Alberta Health Services says decisions on which surgeries will proceed are being made at the zone level, and the agency will begin contacting those currently on wait-lists in the coming days to reschedule procedures. (Photo by Advocate staff).

Elective surgeries to return to Red Deer ‘incrementally’

Pre-pandemic backlog of surgeries must still be addressed

Many central Albertans won’t be wheeled into an operating room anytime soon.

Elective surgeries called off as a result of the pandemic will resume “carefully and incrementally,” said Alberta Health Services.

AHS said some scheduled day surgeries will restart in all five zones in May, and patients with the greatest need, and those waiting the longest, will receive care first.

Red Deer orthopedic surgeon Dr. Keith Wolstenholme said before the pandemic, some central Albertans were already waiting two years for hip and knee replacements.

And during the pandemic, an average of 4,000 elective surgeries per week have been cancelled across the province, he said.

“Add that to our pre-existing backlog, it’s going to take a long, long time to get out of this hole,” Wolstenholme said Friday.

He said AHS may look at expanding after-hours surgeries and bed capacity to accelerate the process.

“But right now, it’s early days. Certainly, from a front-line perspective, we’re not sure what the strategy is going to be to get out of the backlog,” the surgeon said.

AHS said decisions on which procedures will proceed are being made at the zone level, and said AHS will begin contacting those currently on wait lists in the coming days to reschedule surgeries.
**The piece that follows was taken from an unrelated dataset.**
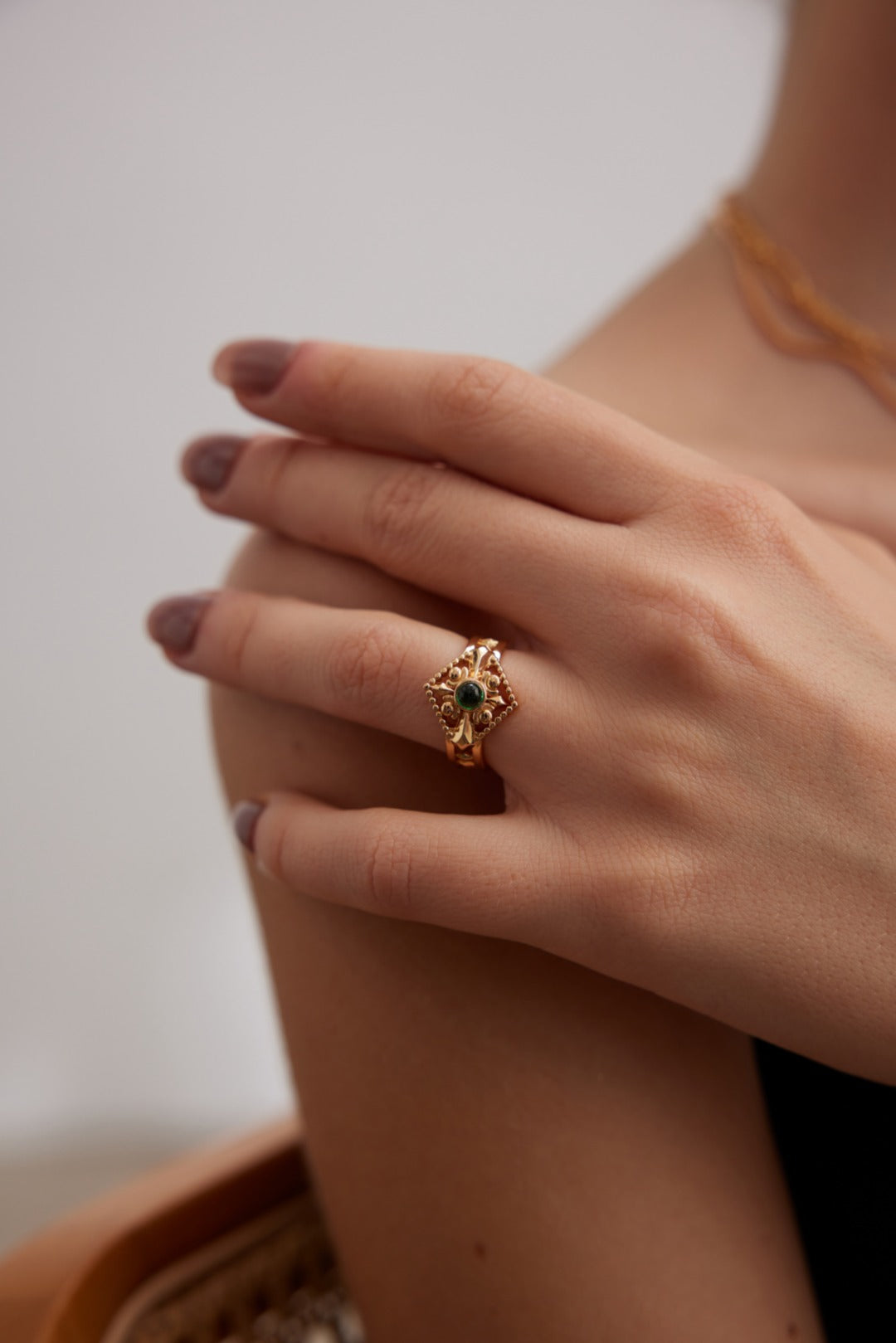 Close-up of a hand wearing a gold ring with a green gemstone on a neutral background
The agency said it is confident the need to sustain capacity for the anticipated surge in COVID-19 patients can be balanced safely with the need to care for those requiring surgery.

“We can provide this important care to Albertans while minimizing the risk of COVID-19 transmission.”

Weekly assessments will be conducted, and AHS said it will adapt as required to maintain adequate resources over and above the requirements for COVID-19.


Red Deer hospital could soon process COVID-19 tests for its patients

Red Deer hospital staffing won’t suffer because 97 health workers had contact with infected doctors, says AHS

Wolstenholme said he has been performing urgent and emergency surgeries during the pandemic at Red Deer and Olds hospitals. But this month, procedures such as ACL reconstructions and rotator cuff repairs will be allowed, which do not require hospital stays.

“Things like hip and knee replacements require in-patient beds, so we’re going to have to hold off on that for probably the next four weeks or so. We’ll see as the days roll out.”

He said AHS did the right thing — to be safe, rather than sorry — with its efforts to slow the progression of COVID-19.

“We didn’t know how much capacity we were going to need as far as hospital beds, ICU beds, even medications.

“There have been worldwide shortages of some of the medications used to keep people sedated in ICUs. Those are the same medications used during elective surgery to keep a patient anesthetized.”

He said only recently have more trauma cases arrived at the Red Deer emergency department as weather improved.

“Trauma had picked up, but there was no doubt the pandemic decreased trauma. Trauma centres (around the world) had actually had a significant decrease in their volume.”

Like elsewhere, some people have also opted not to seek medical help at Red Deer’s ER during the pandemic, he said.

“I think people are ignoring some things that they shouldn’t have ignored. I think we need to be pretty clear — if you’re sick, if you’re injured, you should still go to the emergency department, because those problems can get worse if they’re not treated.

“Normally, the emergency department is hustle and bustle. A zoo of patients and staff and physicians.”

But last weekend, the emergency department was so quiet, it was eery, he said.